February 25: Planted 100 lbs of red Irish potatoes.
February 25: Bought 25 day-old Barred Rock chicks. We have been alternating between Rhode Island Reds and Barred Rocks each year. The hens produce delicious brown eggs. We do have a few eggs for sale.
January 29 Traditional doe (Dianna) had two nice kids. One is traditional (white with red head), but the other is all white. Need to check and see if an all white kid can be registered.
January 27: Red goat (Ruby) had triplets. Two are red and one is a traditional Boer. All are doing fine.

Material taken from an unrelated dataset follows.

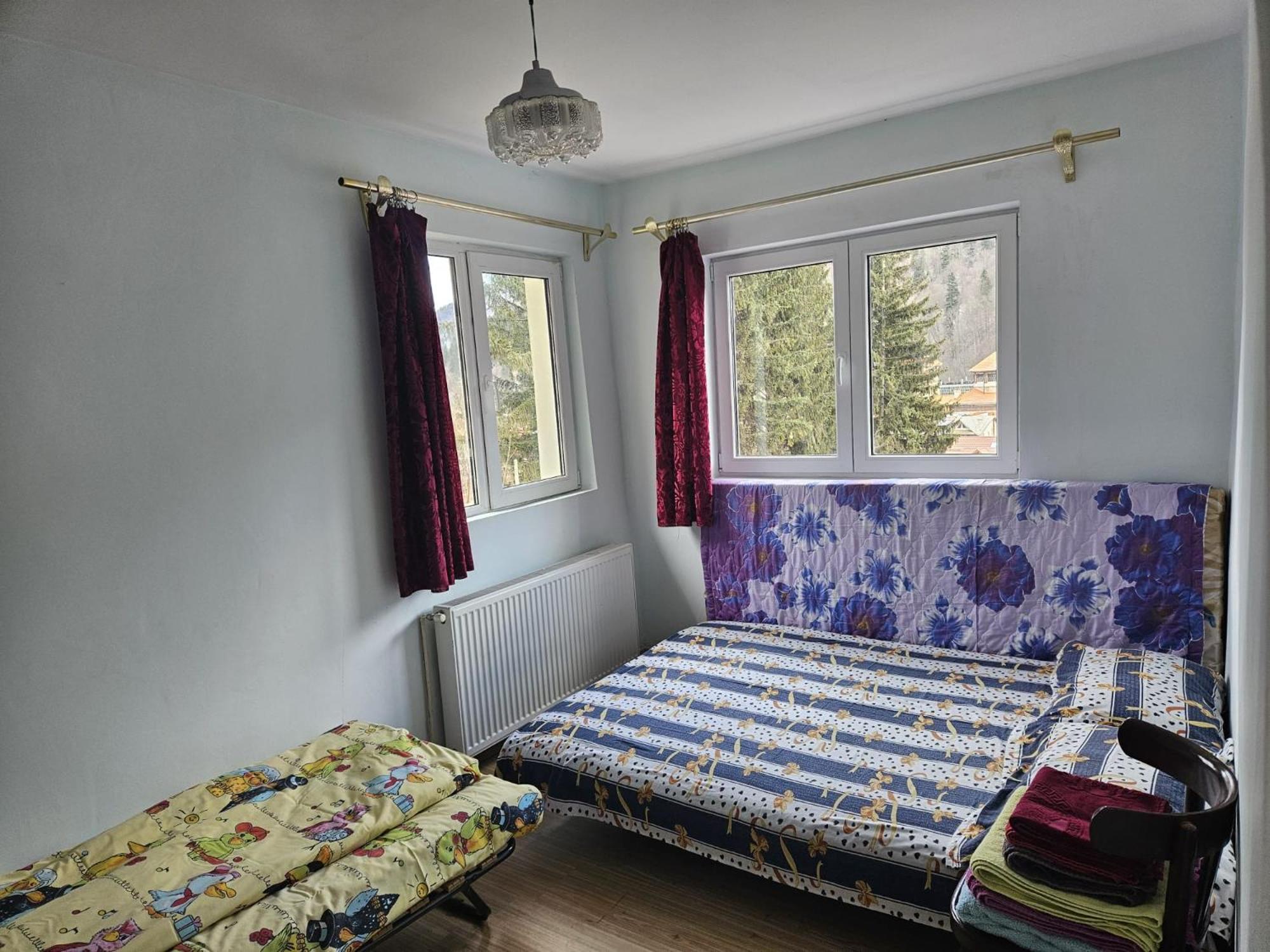 Apartament Retro-Relax Sinaia Kültér fotó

January 18, 2012: Had a problem with one of our registered purebred Boer goats (Kate). Linda bought her at a sale in Louisiana last year and bred her to a really nice registered buck (Freight Train). She went into a prolonged labor during the night and by the time we got her to the vet the next morning, they had to take the kids by Caesarean section. Lost both kids. Nearly lost Kate although she is expected to recover. We had high hopes for this kids as show kids. Vet said to wait a year to have her bred again.
January 13: took seeds for truck garden plants to Croom Nursery to be started. Jason is starting tomatoes, cauliflower, Chinese cabbage, kale, collards, peppers and canteloup for us.
January 7, 2012: We are getting some really nice dairy calves this year from Danny Korba over at Wiggins. He has both black and red Holsteins. He does a really nice job in getting them ready for us. We buy them at about three days old and then bottle feed them for eight weeks. By that time they are eating feed well enough to wean. We will sell some in April or May and raise others on grass for our own beef. Give us a call if anyone is interested in a half or a quarter of beef.
December 13, 2011: We are trying something new this year. We are continually trying to improve our swine, to produce a fast-growing meaty butcher hog with some fat in the meat for flavor (contrary to popular press, this IS NOT bad for you). Due to the difficulty in finding high quality breeding boars in Mississippi, we have decided to try artificial insemination (A-I) to get the very best genetics possible. We have two 50/50 cross Duroc/Yorkshire gilts we have A-I bred to a boar from Cain Farms, in Iowa. If you want to check him out on their website (Google Cain Farms), the boar is a Duroc named Red Cannon. Wish us luck with this.